Mostly as you could already guess, I did not believe that goodness could actually exist in our species. And so I was never actually good, per se. I would just make do. Just be nice. And indifferent. Sometimes, even this would take a toll on me as it is. But it is a load less than being truly deeply madly good. 

That I have been the above for so many years now, reverting back to innocence is such a tough choice. It's so damn hard to actually mean it when I say, I am a good woman.

3:00 pm

The crumple of skin behind knuckles, 
A slight itch in the corner of an eye
The corner of the shelf, where
I store our bodily smells, like I hoard them
Protect them against time
Shut out from the volatile rest 
And this untiring motion
Breathless commotion 
As a fragile constant
Tethered to my soul

The woman downstairs
In a purple-blue nighty
A child clinging to her waist
Like a creeper to a tree
Being fed from a bowl of silver
The smile of that silver, in the afternoon sun
The belly of that child
The mashed dal in that bowl
His refusal to swallow
Her persistence to make him

Swallow
Like, we do
That (corner in the) shelf, forgotten
Chasing something we can't even see. 
Can't spare one constant unmoving hour in a day
Going through circles
And arcs, circles that don't even care to finish.

We wait at the ends of those arcs, 
To automatically shred into smithereens. 

May

The stink of henna on her hands kept her awake. She was in one of those, umbrella cutout kurtis, that bloat up in air, from right below your chest. The kohl that day, was thicker somehow. More blatant than usual. It was, the kohl, made of the same black ash her heart was composed of. You know, how that is. It was a day in May. In the month of. See, how that untidy little month is named after a tricky adjective of uncertainty. Like the lover she may or may not meet. Like the clouds that may or may not give in. That afternoon. Of a late day in May. With waiting rain, and blistering summer. Her dusky had gotten closer to a color of charred chocolate. She constantly felt the prick around her newly pierced nose ring. Almost like the constant persistence of a heartache. During all this, the storm hit. Not the cherry blossom precursor to the Monsoon, but the kalbaisakh. Violent winds swept rooftops, rain filled into roads like a river. The lightening cast a chill down the spine. But nothing could stop her. She has this thing. Of being possessed, and chasing without any thought, mirages that tempted her. She wanted to be with the lover when the first rain struck. And though she was already delayed, like the rain, still she had to make it. To him. So she closed her eyes. And leaped. You know, how that is. To make the love, that may or may not be. May or May not. 

The Road

It was one long road. With trees on both sides, of mixed variety, unknown species. Big old trees facing each other on parallel borders of the road, full of leaves meeting right over its midline. Like forming a content canopy of thought.

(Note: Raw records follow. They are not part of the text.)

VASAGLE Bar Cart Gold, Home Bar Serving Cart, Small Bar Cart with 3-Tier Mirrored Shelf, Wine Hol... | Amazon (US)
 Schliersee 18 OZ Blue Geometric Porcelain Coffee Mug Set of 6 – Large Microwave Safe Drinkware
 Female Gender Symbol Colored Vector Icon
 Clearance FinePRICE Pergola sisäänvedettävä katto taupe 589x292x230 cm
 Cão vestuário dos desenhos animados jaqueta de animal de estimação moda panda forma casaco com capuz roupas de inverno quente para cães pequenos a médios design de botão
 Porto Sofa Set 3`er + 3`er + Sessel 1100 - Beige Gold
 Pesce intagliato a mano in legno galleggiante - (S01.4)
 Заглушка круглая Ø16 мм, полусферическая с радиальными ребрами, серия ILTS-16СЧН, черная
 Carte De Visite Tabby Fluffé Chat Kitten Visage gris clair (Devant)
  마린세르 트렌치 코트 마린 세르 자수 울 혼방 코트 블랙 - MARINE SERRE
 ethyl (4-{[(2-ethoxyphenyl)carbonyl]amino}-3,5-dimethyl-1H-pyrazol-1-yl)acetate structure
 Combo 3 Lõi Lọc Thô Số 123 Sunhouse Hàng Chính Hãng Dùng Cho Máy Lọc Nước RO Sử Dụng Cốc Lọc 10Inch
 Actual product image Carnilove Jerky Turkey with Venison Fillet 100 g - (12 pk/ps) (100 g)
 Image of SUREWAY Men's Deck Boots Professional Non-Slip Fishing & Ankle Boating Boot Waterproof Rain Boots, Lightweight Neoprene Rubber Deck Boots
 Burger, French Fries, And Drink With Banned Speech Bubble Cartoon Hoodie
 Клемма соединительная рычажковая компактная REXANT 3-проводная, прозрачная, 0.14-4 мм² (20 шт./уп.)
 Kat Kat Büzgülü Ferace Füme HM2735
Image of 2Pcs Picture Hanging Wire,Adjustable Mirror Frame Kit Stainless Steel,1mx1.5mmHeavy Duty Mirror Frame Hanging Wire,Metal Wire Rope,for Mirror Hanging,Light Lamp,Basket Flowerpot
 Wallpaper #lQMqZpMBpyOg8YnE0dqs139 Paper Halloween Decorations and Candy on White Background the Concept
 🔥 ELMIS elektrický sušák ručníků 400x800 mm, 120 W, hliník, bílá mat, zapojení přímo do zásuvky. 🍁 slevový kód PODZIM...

He and I, we walked down that road. Only seven years ago on a faintly similar afternoon of February. Talking of things that seem the most inane now. Like what we would do with our lives, in our futures. Non collapsible ever expandable futures. What higher schools would we want to get into. What jobs would we walk into, what kind of money that would give us, what kind of lives.

And the suddenly it rained. Like in buckets. I am not joking, it did. Nor am I saying this just to make it sound romantic or anything, it did. And we had to run towards a tree. Beneath that we stood for what seemed like eras. Breathing out cold vapor with whatever little we spoke. Whispered. The noise from the rain dropping down the leaves was so gigantically deafening. And children on cycles were chasing each other down faster than the rain. Autorickshaws impatiently zoomed in and out of our canvas. The world seemed to move pretty much in fast forward as we stood there, temporarily frozen in our own thought, glued together to the trunk of our tree.

Today, I went back there again. Not in time travel, but in reality. Walking alone down the same road. And picked up my drenched self. A raw girl. With her mind full of things that were yet to happen. Living in the future. Which actually is, now. And it's barely what she thought it would be like. Barely. Sigh. What a wreck!